EM Derivation: \(Q\) function

\(Q(\theta\,;\,\theta')\)

Take expectations in both sides of (1) with respect to \(f(u \mid y \,;\,\theta')\). We have \[ \underbrace{\mathop{\mathrm{E}}\left( \log f(Y, U \,;\,\theta) \mid Y = y \,;\,\theta'\right)}_{Q(\theta\,;\,\theta')} = \ell(\theta) + \overbrace{\mathop{\mathrm{E}}\left( \log f(U \mid Y \,;\,\theta)\mid Y = y \,;\,\theta'\right)}^{C(\theta \,;\,\theta')} \tag{2}\]

Behaviour of \(Q(\theta \,;\,\theta')\) as a function of \(\theta\)

\[ \begin{aligned} C(\theta \,;\,\theta') - C(\theta' \,;\,\theta') & = \mathop{\mathrm{E}}\left( \log \frac{f(U \mid Y \,;\,\theta)}{f(U \mid Y \,;\,\theta')} \mid Y = y \,;\,\theta'\right) \\ & \le \log \mathop{\mathrm{E}}\left( \frac{f(U \mid Y \,;\,\theta)}{f(U \mid Y \,;\,\theta')} \mid Y = y \,;\,\theta'\right) \\ & = \log \int \frac{f(u \mid Y = y \,;\,\theta)}{f(u \mid Y =y \,;\,\theta')} f(u \mid Y = y \,;\,\theta') du \\ & = \log \int f(u \mid Y = y \,;\,\theta) du = 0 \\ & \implies C(\theta' \,;\,\theta')\geq C(\theta \,;\,\theta') \end{aligned} \]

Hence, \[ Q(\theta \,;\,\theta')\geq Q(\theta' \,;\,\theta') \implies \ell(\theta) - \ell(\theta') \geq C(\theta' \,;\,\theta') - C(\theta \,;\,\theta') \geq 0 \tag{3}\]

Under mild smoothness conditions, \(C(\theta \,;\,\theta')\) has a stationary point at \(\theta := \theta'\).
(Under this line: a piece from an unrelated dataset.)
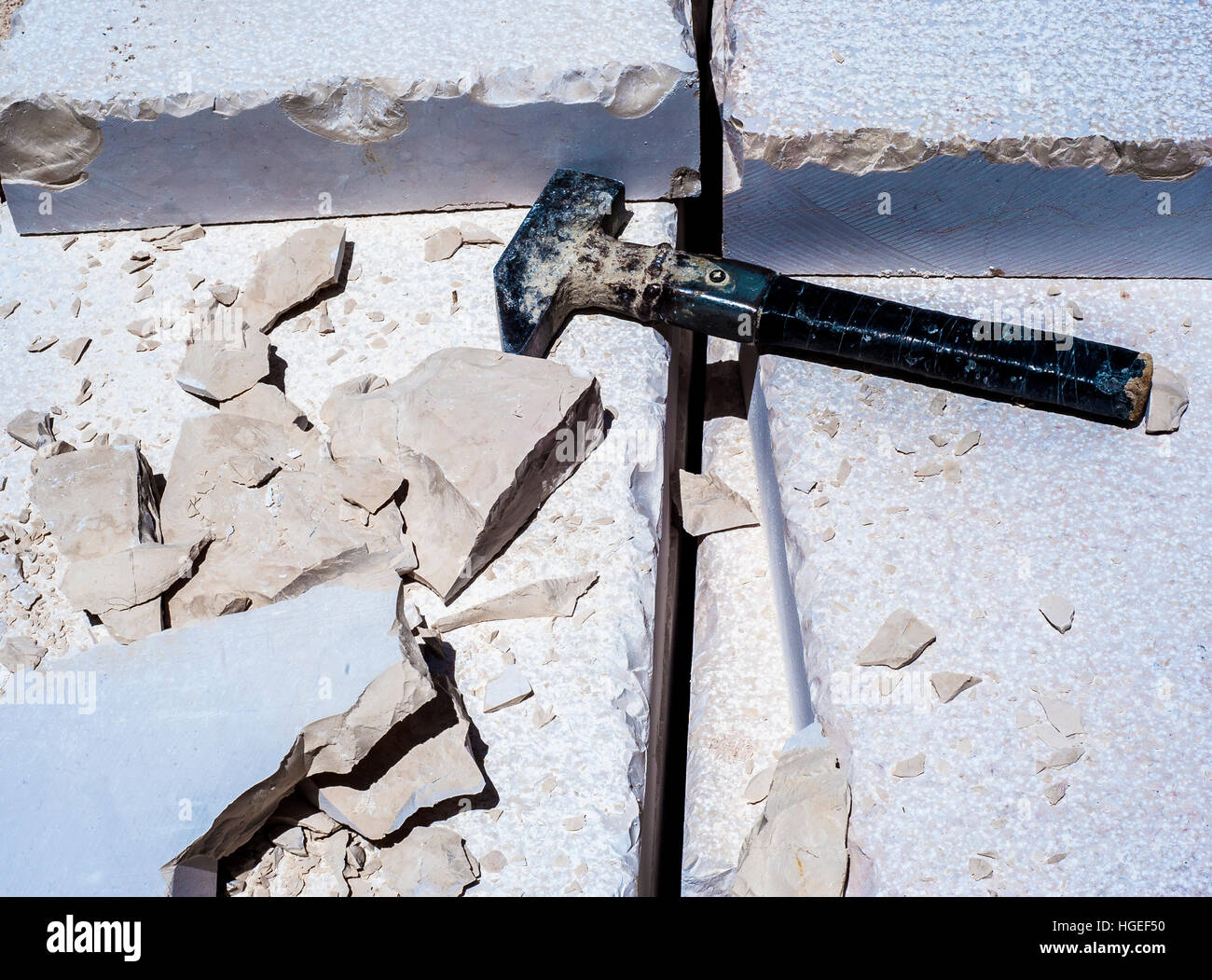 Building hammer, pile of limestone slabs carved road pavement. Featured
So, if \(Q(\theta \,;\,\theta')\) is stationary at \(\theta := \theta'\), (2) implies that so too is \(\ell(\theta)\)!

EM algorithm for maximizing \(\ell(\theta)\)
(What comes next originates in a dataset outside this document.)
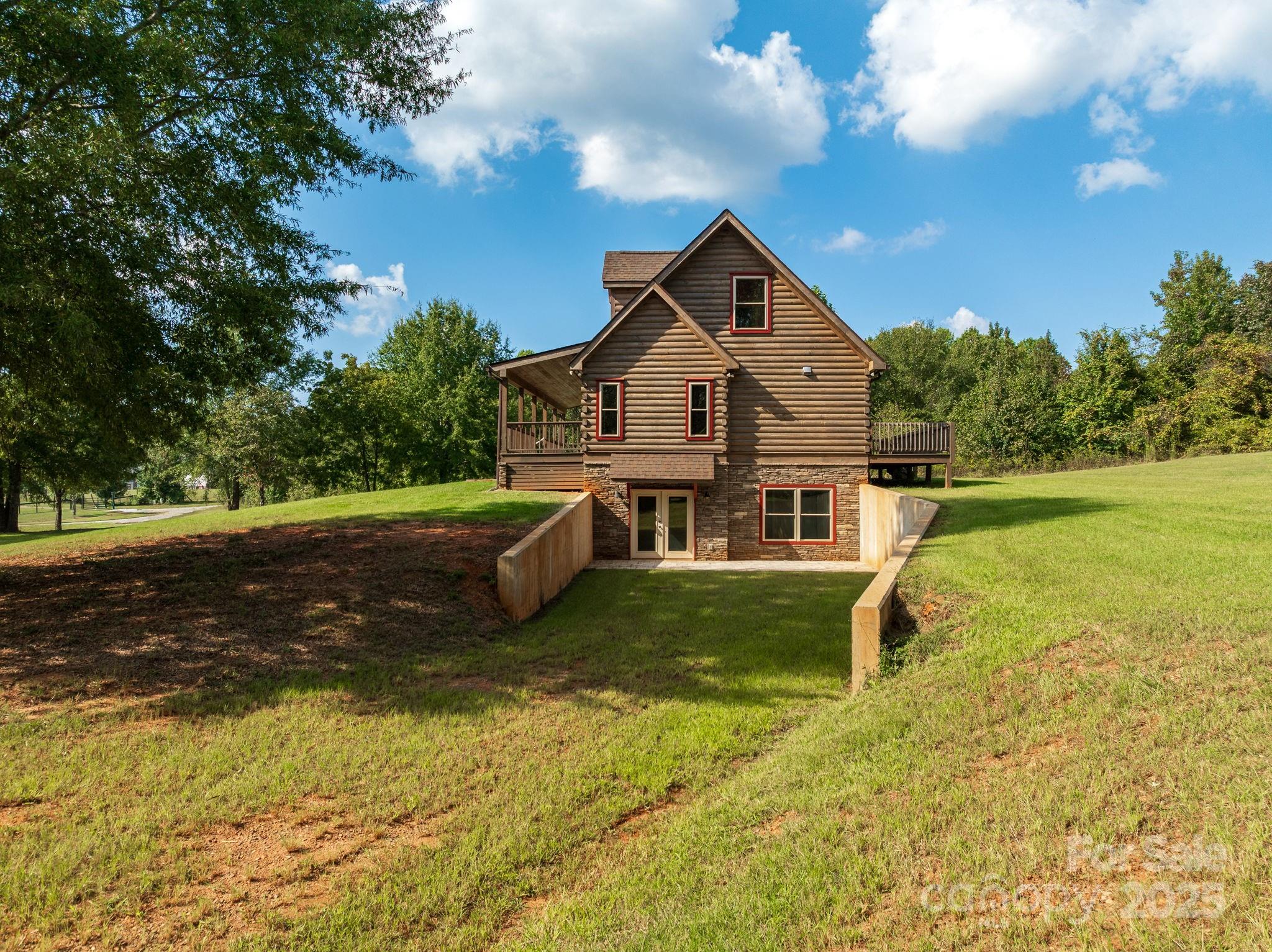 185 Robinson Acres Cove Lane Rutherfordton, NC 28139 - Photo 6 of 37 a front view of a house with yard and green space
Starting from an initial value \(\theta'\) of \(\theta\)

Expectation (E) step

Compute \(Q(\theta \,;\,\theta') = \mathop{\mathrm{E}}\left( \log f(Y,U \,;\,\theta) \mid Y = y \,;\,\theta'\right)\).
Maximization (M) step

With \(\theta'\) fixed, maximize \(Q(\theta \,;\,\theta')\) with respect to \(\theta\), and let \(\theta^\dagger\) be the maximizer.
Check convergence, based on the size of \(\ell(\theta^\dagger) - \ell(\theta')\) if available, or \(\|\theta^\dagger - \theta'\|\), or both.

If the algorithm has converged stop and return \(\theta^\dagger\) as the value of the maximum likelihood estimator \(\hat\theta\). Otherwise, set \(\theta' := \theta^\dagger\) and go to 1.

The M-step ensures that \(Q(\theta^\dagger \,;\,\theta') \geq Q(\theta' \,;\,\theta')\), so (3) implies that \(\ell(\theta^\dagger) \geq \ell(\theta')\).

\[ \LARGE\Downarrow \]

The log likelihood never decreases between EM iterations!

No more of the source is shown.